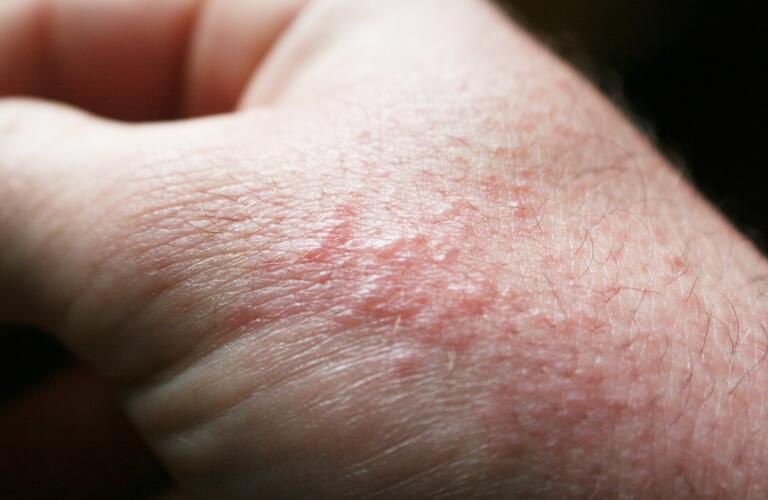 Poison Oak Rash On Skin Close Up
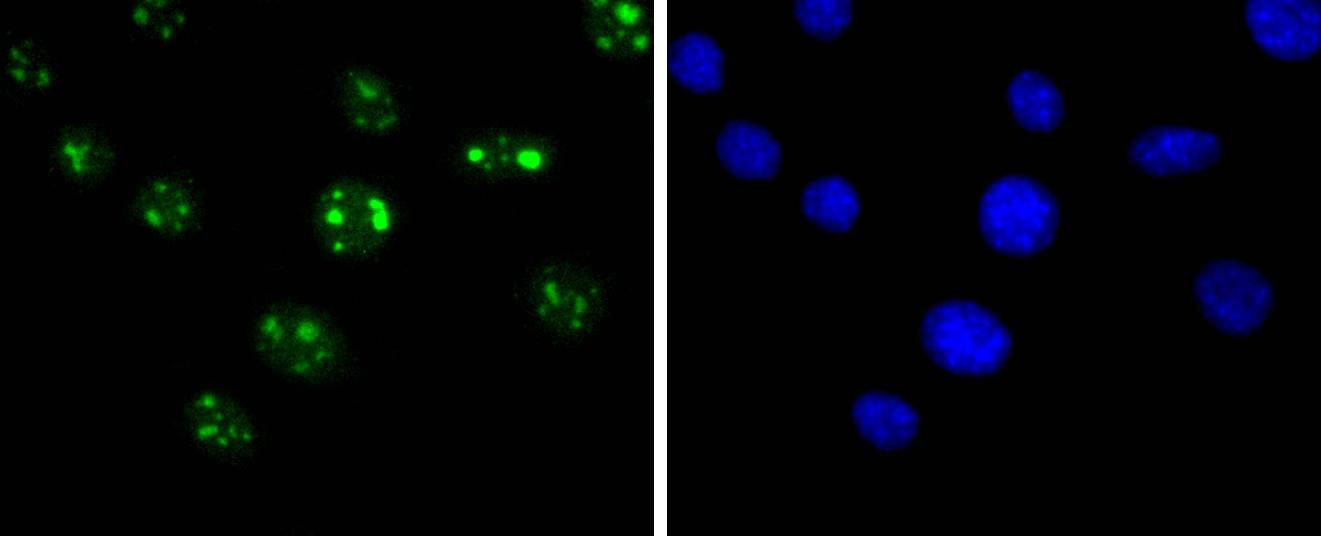 Anti-SIRT6 Antibody (6U297)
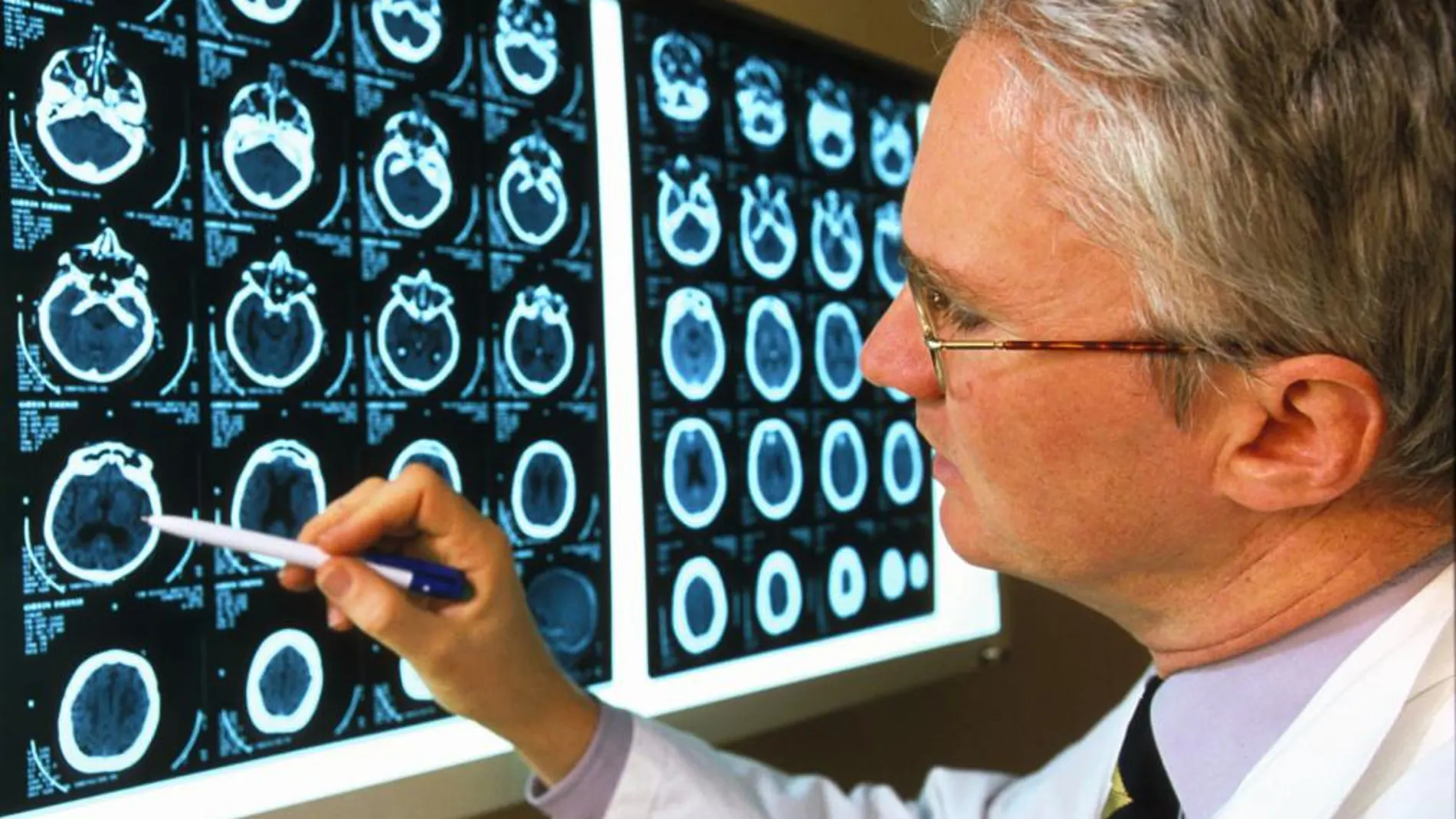 Un médico analiza las consecuencias del alzhéimer en una radiografía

•••••

**EXERCISE PROMPT**:
Please retype all of the material exactly, skipping whatever images it holds.

**THE ANSWER**:
 Poison Oak Rash On Skin Close Up
 Anti-SIRT6 Antibody (6U297)
 Un médico analiza las consecuencias del alzhéimer en una radiografía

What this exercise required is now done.